Photo by Jonathan Cohen
Commencement 2012 profile: Lucia EspositoTweet
Over the past three years, Lucia Esposito managed a full-time job, a young son and various public service projects, will earn a Master in Public Administration degree and ran her first 5K race.
“I think I’m just a very determined type of person,” Esposito said. “If I like doing something, I commit to it fully, and I don’t like slacking.”
Esposito is also the recipient of the MPA program’s award for a graduating practitioner.
“We felt that more than anybody else in the program, she really went above and beyond what a typical practitioner student would do,” said Pamela Mischen, assistant professor and director of the Center for Applied Community Research and Development.
Esposito said the flexibility of the MPA program, with night classes at the University Downtown Center, allowed her to manage working full-time and starting a family while earning her degree.
“I could take all the necessary classes to graduate and I could do it in the evening, as a working student, so that was really beneficial,” she said.
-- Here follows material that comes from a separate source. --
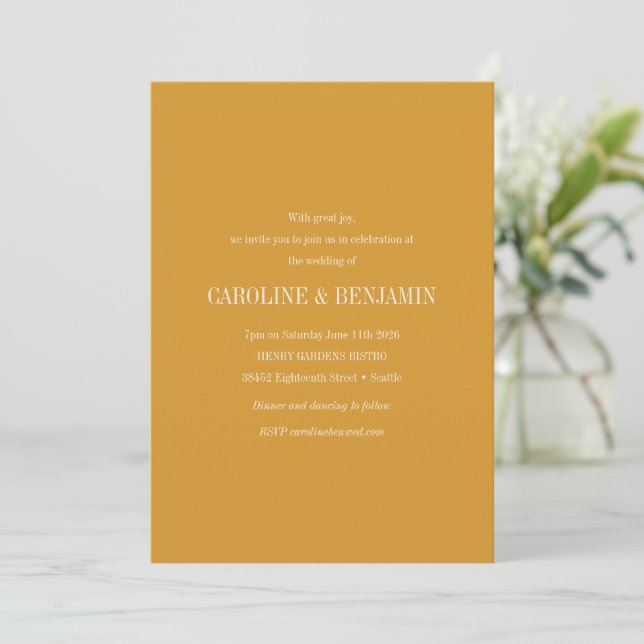 Simple Stylish Typography Elegant Ochre Wedding Invitation (Standing Front)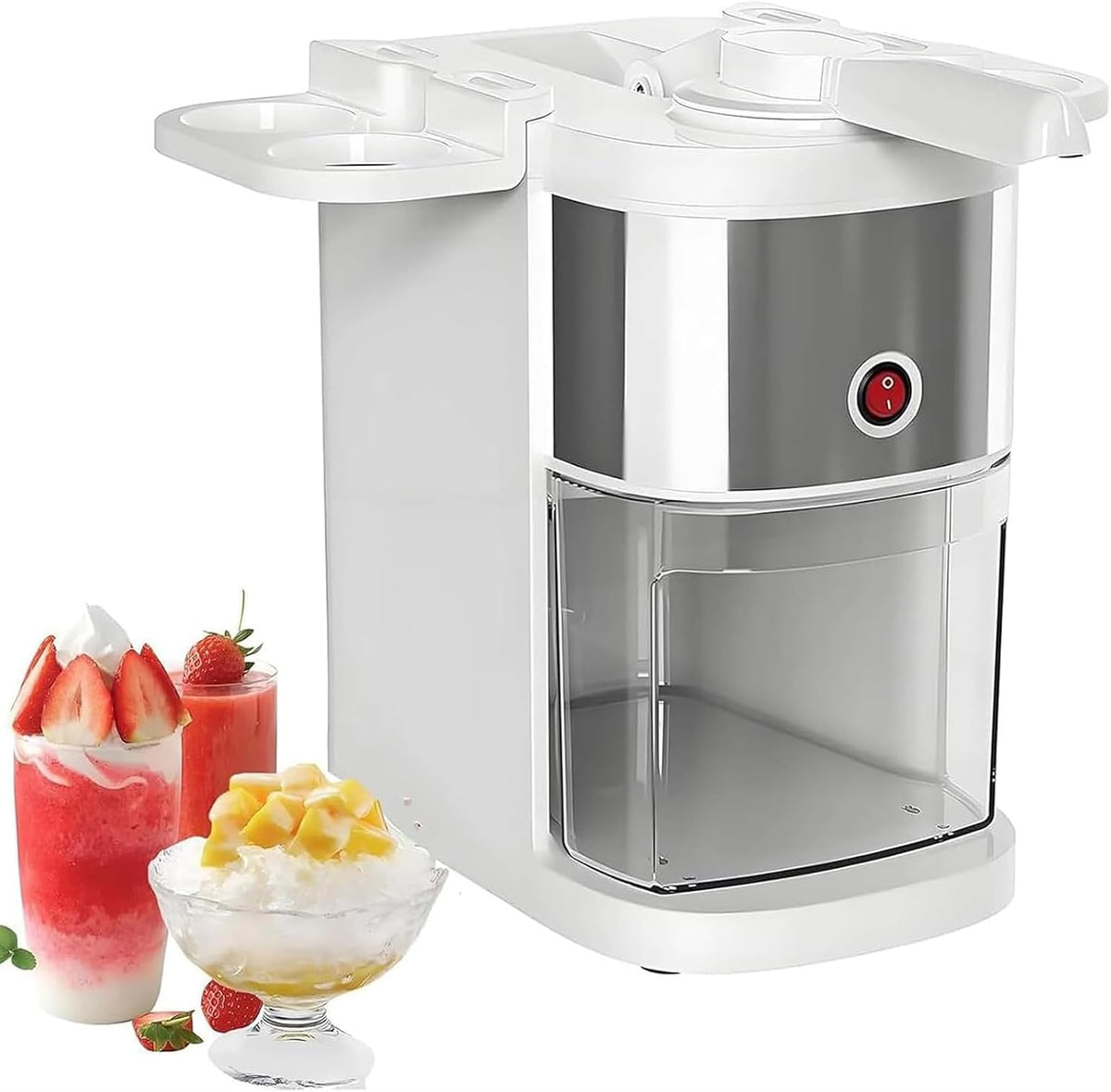 Zayuzo broyeur, 220v, 200w, Argenté, À Glace Électrique, Lames Commerciales en Acier Inoxydable, La Préparation De Smoothies Et De Boissons Froides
Esposito will have worked for the Broome County Office for Aging for six years in October. She said she chose the public administration program because a former student interned at her office and told her about it.
“She shared some interesting information with me about the program, and I thought it would be very helpful to my career, being that I work for a local government agency and I would like to continue to work in the public sector,” she said.
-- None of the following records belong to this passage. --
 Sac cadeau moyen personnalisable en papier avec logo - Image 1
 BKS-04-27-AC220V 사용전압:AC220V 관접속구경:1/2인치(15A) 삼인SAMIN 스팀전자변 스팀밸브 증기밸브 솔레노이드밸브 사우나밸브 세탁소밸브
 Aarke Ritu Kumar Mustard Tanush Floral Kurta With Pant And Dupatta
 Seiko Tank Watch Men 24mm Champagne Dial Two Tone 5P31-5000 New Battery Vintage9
During her time in the program, Esposito worked on several projects with Mischen. She did a service-learning project for the Broome County Gang Prevention program and helped organize a series of workshops for local non-profit organizations.
Esposito volunteered to continue to help the Broome County Gang Prevention program. She said the program is geared toward kids at risk of being involved in gang activity and it involves them in afterschool activities or sports. She designed a survey to evaluate whether the program had an impact on the children enrolled.
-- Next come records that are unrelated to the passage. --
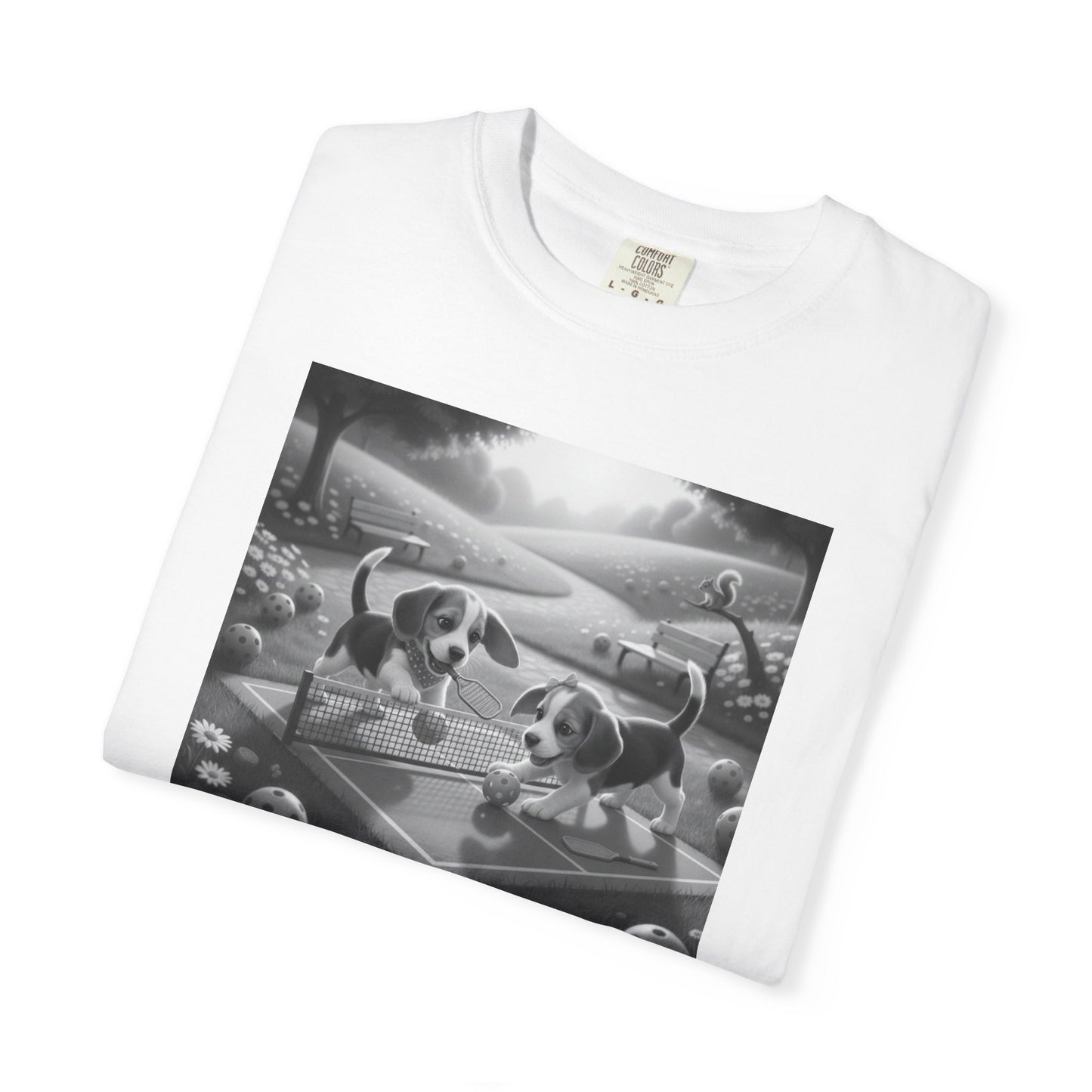 Pickleball Beagle Puppies T-shirt | Monochrome Dog Art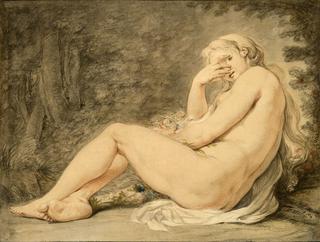 A Young Woman Reclining in a Landscape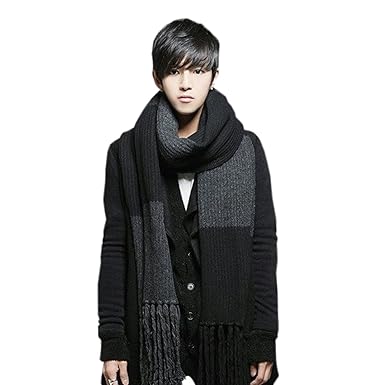 Amazon Co Jp メンズ マフラー 冬 厚手 防寒 ロング シンプル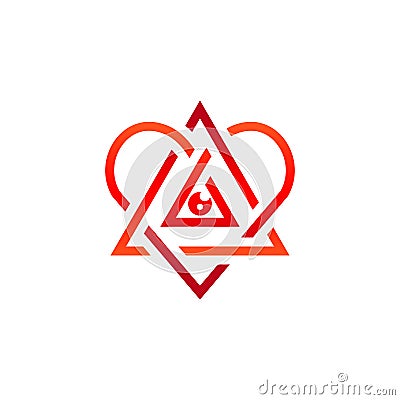 Heart triangle eye logo shape geometric symbol icon, triangle and heart sign with red illuminati eye logo symbol icon Vector Illustration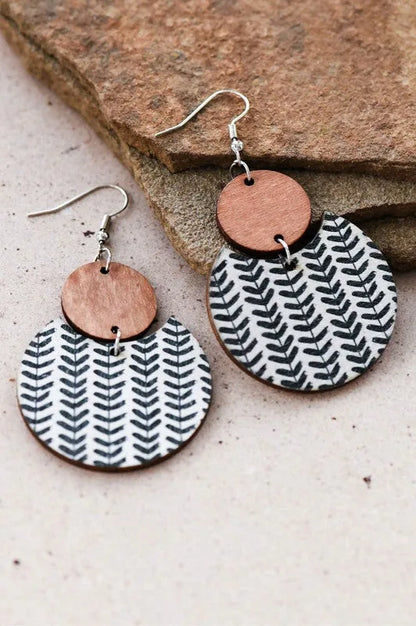 Boho Wood & Leaf Pattern Natural Drop Dangle Earrings — Statement Everyday Jewelry - Wood Onesize Earrings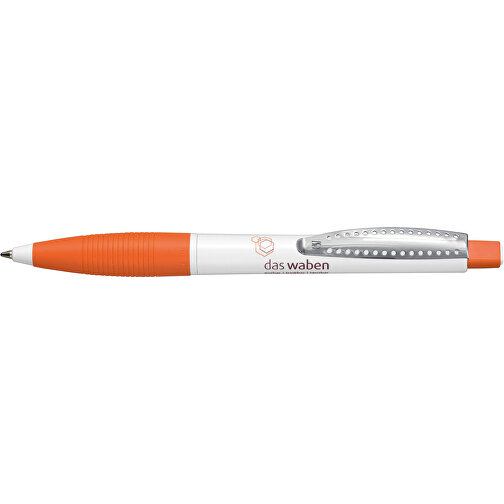 Kugelschreiber CLUB , Ritter-Pen, orange/weiss, ABS-Kunststoff, 14,20cm (Länge), Bild 3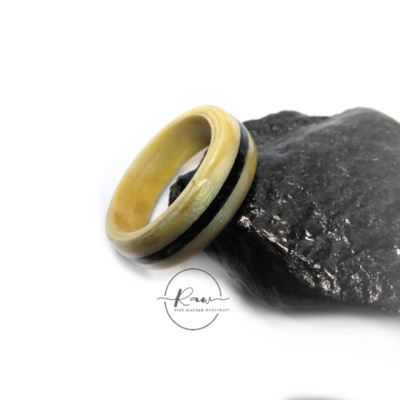 Aspen Glacial Stone Bentwood Ring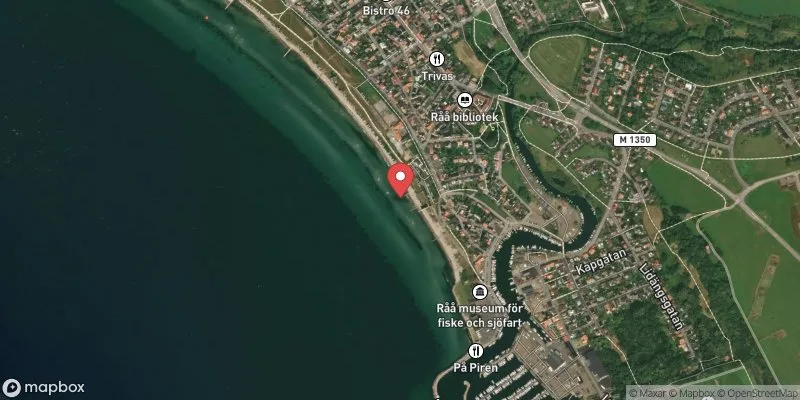 Satellitbild över Råå badhus i Helsingborg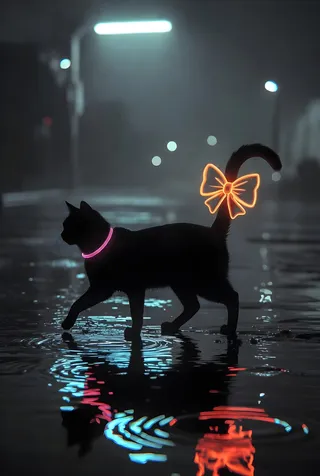 Silhouette of a black cat walking through reflective puddles on a rainy street at night, adorned with an orange neon bow on its tail and a neon pink collar.
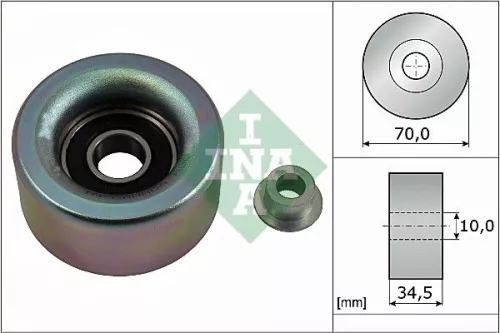 Ina Deflection/guide Pulley V-ribbed Belt Fits Bedford Lexus Lotus Toyota Toyota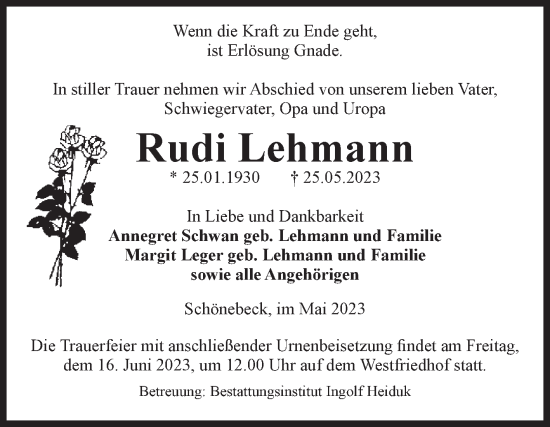 Traueranzeige von Rudi Lehmann von Volksstimme Schönebeck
Organizing the series of workshops involved looking at literature and deciding what to teach the non-profit organizations. Esposito said they tailored the program to specific organizations and their individual needs.
“I really enjoyed having that impact on specific people,” she said.
Mischen said the idea for the workshops came out of discussions the two of them had.
“She was really critical in identifying the need for that project and moving it forward,” she said.
Esposito came to the United States after earning her first master’s degree at the University of Economics in Bratislava, Slovakia, in 2004. Seeing her parents serve the public working for the government in Slovakia had an impact on her own career choice.
“I look back to when I first moved here, and it was really challenging for me,” she said.
The Public Administration program, however, has helped her connect with the community.
“I think being able to get into this program kind of connected me more to this community and gave me a purpose for being here,” Esposito said. “I feel like if I didn’t do it, I would still be searching for something.
“I like the community more and I know more about it and working for a local government agency, I feel like I have more of a connection to the community,” she said.
After all of her hard work, Esposito celebrated her upcoming graduation by running her first 5K race. But now, she isn’t entirely sure what’s next. She might consider going back to school in a year.
“I’m going to miss going to school,” she said.